Early movers with Dallas beer dinners both in prominence of brewing figures they attracted as well as the outstanding craveability of the food and beer pairings were Meddlesome Moth and The Common Table, two of the more senior and respected local craft beer meccas. Whereas the Moth still hosts preeminent dinners of no decline in quality, The Common Table left the standard event model years ago for a still-novel concept: the weekly Poor Man’s Beer Dinner. Prepared afresh each time, an affordable multicourse meal is paired with stocked commercial craft beers but offered regularly and to order.

Recently realizing that a couple of years had passed since my last Poor Man’s dinner, their past Monday offering caught my eye with the theme of Hatch chiles, that seasonal consumer darling that overruns Central Market and seems to spawn marketing gold each summer. Often these dinners are constructed around a theme, usually by breweries newly arrived to Texas with their products, but being a fan of the fruit (yes, chiles are a fruit) I had to give this one a try. I’m happy to report that the quality of this meal deal remains top-notch.

First course
Hatch chile chicken tortilla soup paired with Duvel Single
Hatch chile chicken tortilla soup

A small bowl of chunky soup with thin, fried tortilla strips, the dish was deliciously flavored but burning with fiery chile heat. Although somewhat a chore to finish (at least for my bolillo heat tolerance), it was the hottest element of the entire meal, and woke up the palate with a full-faced alarm.

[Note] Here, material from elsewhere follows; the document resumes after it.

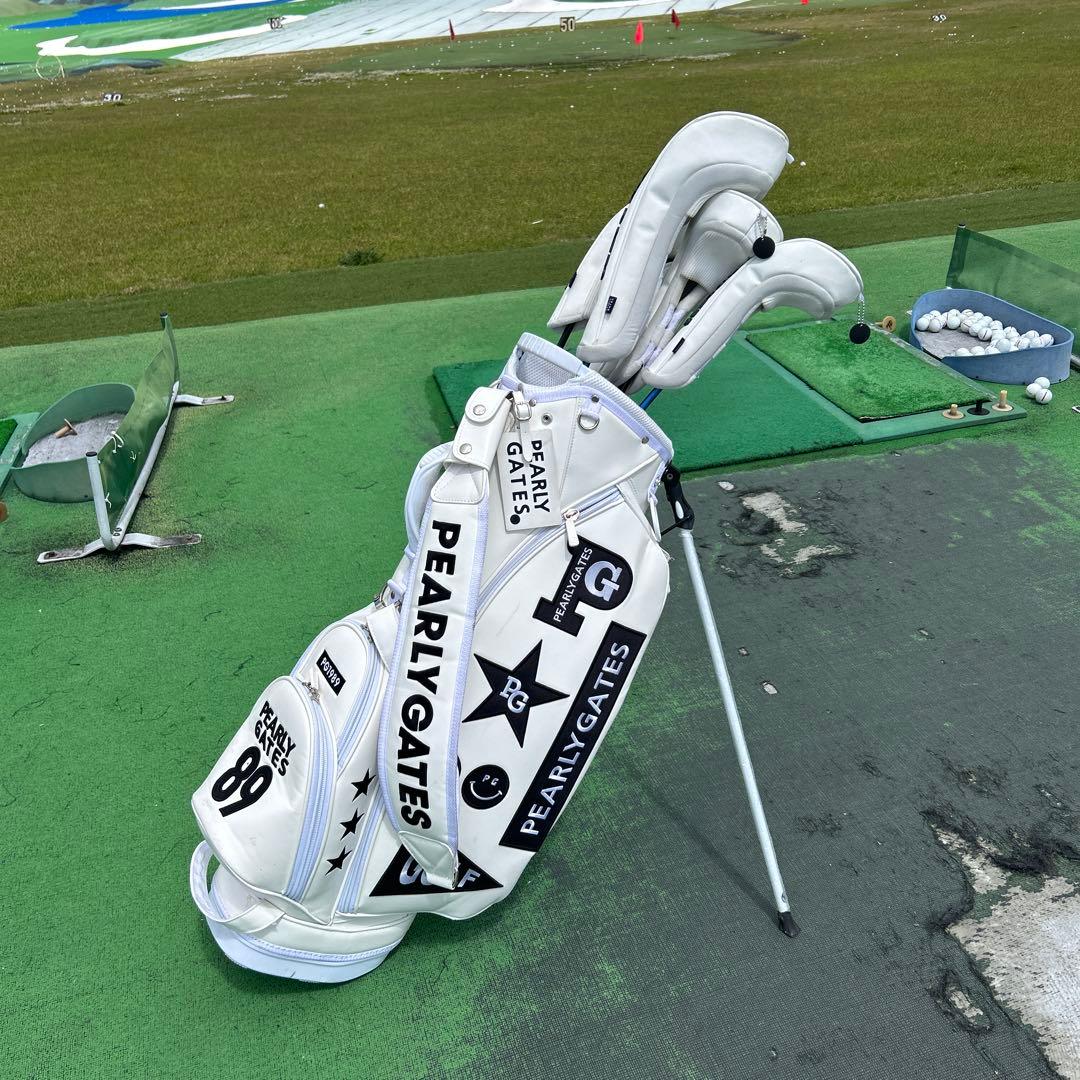 PEARLY GATES スタンド式キャディバッグ ヘッドカバー5本付き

The paired course beer, Duvel Single, is Moortgat’s lighter version of their Belgian pale ale, single-fermented for the same flavors but without the strength of regular Duvel. One would think it an optimal match for the Hatch heat but alcohol does little to quench capsaicin once it makes camp on your palate.

Second course
Garden salad with Hatch chile avocado dressing paired with Sierra Nevada Kellerweis

Garden salad with Hatch chile avocado dressing

Seemingly plain in comparison, this simple mixed greens salad had a smooth, lightly creamy dressing with a pleasant cooling effect after the heat of the previous course. The flavor of the Hatch was captured and eased somewhat by the smooth, fatty avocado texture.

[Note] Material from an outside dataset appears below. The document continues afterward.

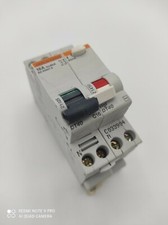 Disjoncteur Merlin Gérin DT40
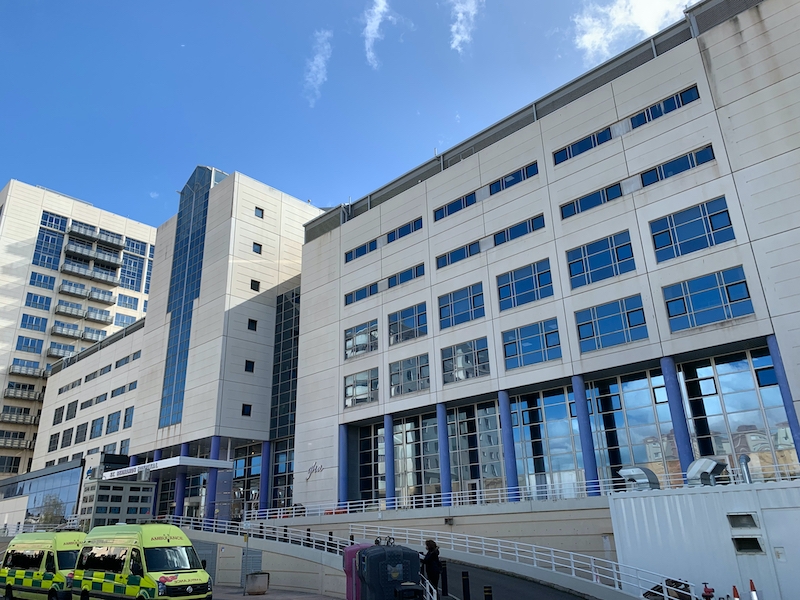 Drygt 270 spanjorer arbetar inom vården på Gibraltar och kommer att vara de första i Spanien att vaccineras mot Covid-19. På bilden syns St Bernards Hospital på Gibraltar.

Sierra Nevada Kellerweis is that brewery’s unfiltered wheat ale brewed after a traditional Bavarian style. It worked with the fresh salad to tame the heat of the previous course as well as the flavors themselves pleasantly complimenting each other.

Third course
Blackened red snapper with Hatch chile risotto fortified with Fontina served on a lemon beurre blanc paired with Community Mosaic

Blackened red snapper with Hatch chile risotto (fontina) and a lemon burre blanc

This dish was outrageously perfect, and by far the star of the evening. Perfectly cooked snapper was served mildly blackened with mellow cajun spices to work with but not overshadow the still-lingering pepper heat. It was dressed with a tart lemony sauce and served on a bed of luscious Hatch chile risotto beautifully fortified with Fontina that almost overshadowed the entrée. (I would enjoy this added as a regular menu item, or at least a rotating special.)

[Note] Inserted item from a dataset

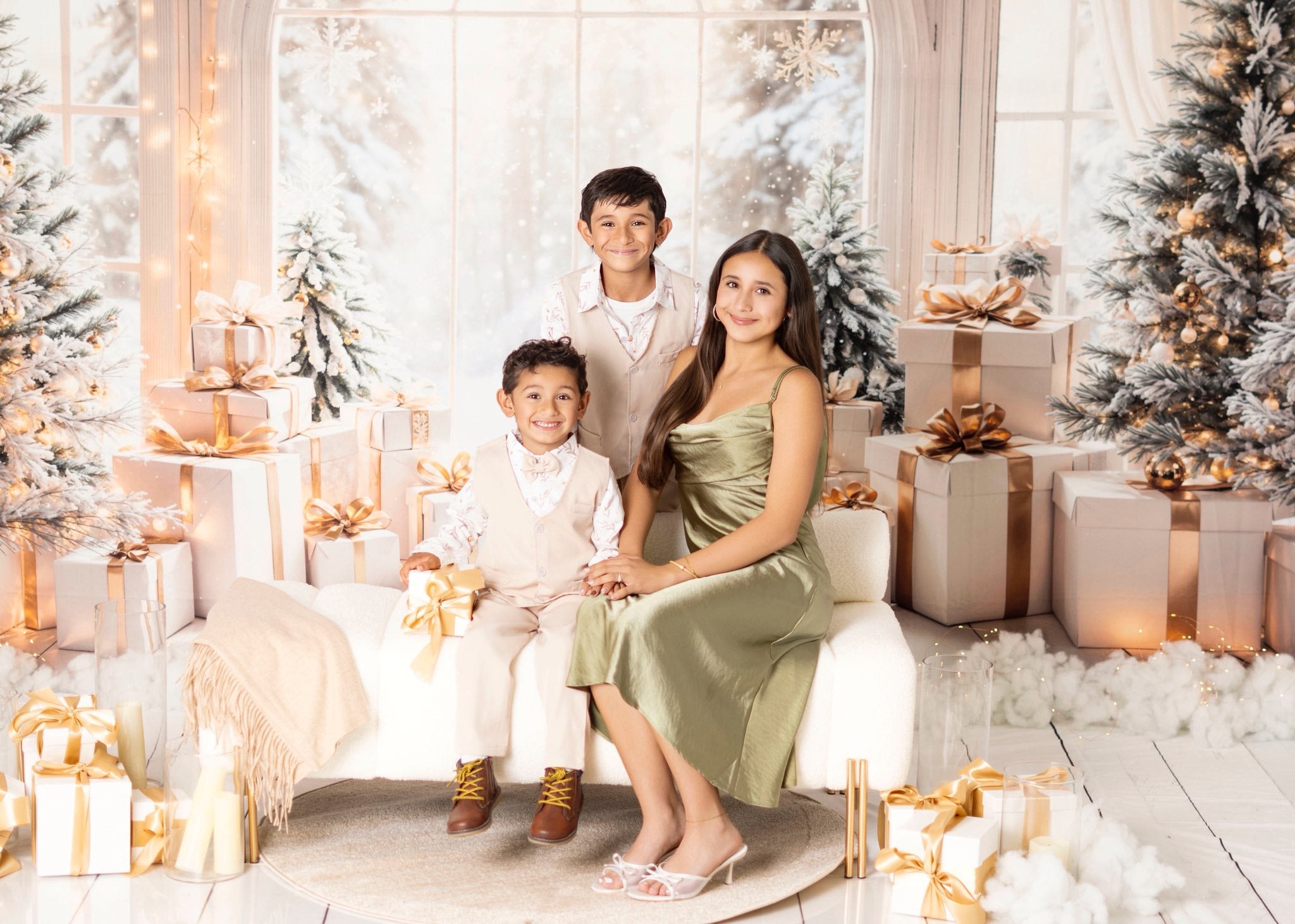 Kate Weihnachten Geschenke Fenster Schnee Hintergrund Entworfen von Emetselch - Kate Backdrop.de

Paired with Community Mosaic, the aggressive IPA brought enough sharp flavors for a fresh, palate-cleansing bite. On its own, Mosaic is one of my personal weekly go-to beers and easily one of the top IPAs to come out of North Texas.

Fourth course
Vanilla bean ice cream with candied Hatch chiles and crushed pecans paired with Samuel Smith’s Oatmeal Stout

Vanilla bean ice cream with candied Hatch chiles and crushed pecans

One would never think of chiles as a dessert item but candied, sliced rounds of Hatch chiles still coated in sugar provided a fantastic vegetal flavor to the creamy scoop and crunchy pecan bed. All elements for the entire dish just synched, both in flavor and texture.

The last stocked bottle of Sam Smith was served just before my course was served, but calling an audible with Ninkasi Vanilla Oatis worked equally as well. With all respect to Tadcaster ( a legend on its own), Ninkasi’s oatmeal stout with vanilla was an even better match for this particular course.

Unknown at the start, this was Chef Nick Wells’ last Poor Man’s dinner as he leaves this week for a new kitchen not too far away (Dots Hop House, a new Deep Ellum venture soon to open from the owners of Denton’s Oak Street Drafthouse). Once again, The Common Table proves it has an expert hand in not only selecting a quality lineup of taps but also a kitchen still strongly firing on all cylinders.

Walk in any Monday evening between 6:30 and 9pm for a small treat of refined yet affordable cuisine. SD

Big Texas Beer Fest at five years

BTBF-2016_logoHow long does it take a craft beer festival to mature? Do they grow and evolve on the same life-line as bars, pubs or microbreweries? Do they lead (or lag) the local consumer economy?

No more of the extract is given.